Web page caption snippets =>
'''

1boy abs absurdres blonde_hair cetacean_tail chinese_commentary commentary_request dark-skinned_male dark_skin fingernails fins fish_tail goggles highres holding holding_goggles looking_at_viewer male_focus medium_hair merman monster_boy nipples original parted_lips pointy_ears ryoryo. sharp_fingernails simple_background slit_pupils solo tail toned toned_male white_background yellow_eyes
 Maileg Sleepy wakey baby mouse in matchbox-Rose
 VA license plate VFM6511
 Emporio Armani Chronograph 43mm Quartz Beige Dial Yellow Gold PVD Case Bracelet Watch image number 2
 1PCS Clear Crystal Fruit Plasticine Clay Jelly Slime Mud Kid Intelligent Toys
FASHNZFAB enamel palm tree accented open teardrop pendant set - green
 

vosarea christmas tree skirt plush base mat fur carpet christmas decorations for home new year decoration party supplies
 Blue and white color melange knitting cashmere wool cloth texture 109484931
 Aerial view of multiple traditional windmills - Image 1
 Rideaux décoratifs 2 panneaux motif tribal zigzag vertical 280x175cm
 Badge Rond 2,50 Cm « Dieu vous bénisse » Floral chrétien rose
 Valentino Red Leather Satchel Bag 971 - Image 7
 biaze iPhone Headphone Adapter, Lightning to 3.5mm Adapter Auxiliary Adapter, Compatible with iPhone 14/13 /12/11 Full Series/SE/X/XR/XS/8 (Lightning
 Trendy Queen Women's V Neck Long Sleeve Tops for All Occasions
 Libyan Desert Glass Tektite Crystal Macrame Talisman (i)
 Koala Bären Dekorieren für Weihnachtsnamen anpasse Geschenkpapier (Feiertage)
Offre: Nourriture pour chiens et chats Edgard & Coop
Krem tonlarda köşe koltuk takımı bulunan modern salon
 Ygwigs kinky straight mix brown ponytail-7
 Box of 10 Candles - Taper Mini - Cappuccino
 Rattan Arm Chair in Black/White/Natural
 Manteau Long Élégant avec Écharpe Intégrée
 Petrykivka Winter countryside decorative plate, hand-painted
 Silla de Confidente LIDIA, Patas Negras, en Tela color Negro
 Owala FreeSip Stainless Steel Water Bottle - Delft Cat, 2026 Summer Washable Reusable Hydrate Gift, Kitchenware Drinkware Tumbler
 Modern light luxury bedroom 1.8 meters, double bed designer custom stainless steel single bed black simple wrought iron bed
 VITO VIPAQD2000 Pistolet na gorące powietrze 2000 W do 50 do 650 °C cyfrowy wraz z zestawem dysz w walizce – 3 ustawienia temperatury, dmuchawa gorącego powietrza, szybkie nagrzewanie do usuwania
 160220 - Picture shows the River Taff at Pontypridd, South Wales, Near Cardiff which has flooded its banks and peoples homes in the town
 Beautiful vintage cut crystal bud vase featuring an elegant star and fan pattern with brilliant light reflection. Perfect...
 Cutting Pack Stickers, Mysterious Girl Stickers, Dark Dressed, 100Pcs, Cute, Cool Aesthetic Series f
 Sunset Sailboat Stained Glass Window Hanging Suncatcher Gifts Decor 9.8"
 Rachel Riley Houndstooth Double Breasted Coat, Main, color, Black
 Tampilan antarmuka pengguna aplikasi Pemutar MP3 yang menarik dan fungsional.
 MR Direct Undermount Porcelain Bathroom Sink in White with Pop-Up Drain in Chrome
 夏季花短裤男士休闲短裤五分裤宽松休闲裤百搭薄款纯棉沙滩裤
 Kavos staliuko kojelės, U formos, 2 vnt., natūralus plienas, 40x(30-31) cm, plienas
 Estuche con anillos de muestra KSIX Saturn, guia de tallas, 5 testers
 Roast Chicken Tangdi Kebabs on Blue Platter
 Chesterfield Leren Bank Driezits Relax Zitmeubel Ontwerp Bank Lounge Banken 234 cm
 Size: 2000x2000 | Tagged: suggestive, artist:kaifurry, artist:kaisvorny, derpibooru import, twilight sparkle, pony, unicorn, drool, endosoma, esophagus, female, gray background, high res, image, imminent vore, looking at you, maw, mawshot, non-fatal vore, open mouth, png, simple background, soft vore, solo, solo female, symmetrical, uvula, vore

'''

Exercise => Give the number of lines in the records above that contain the word "color", and nothing more.

Result of the exercise => 3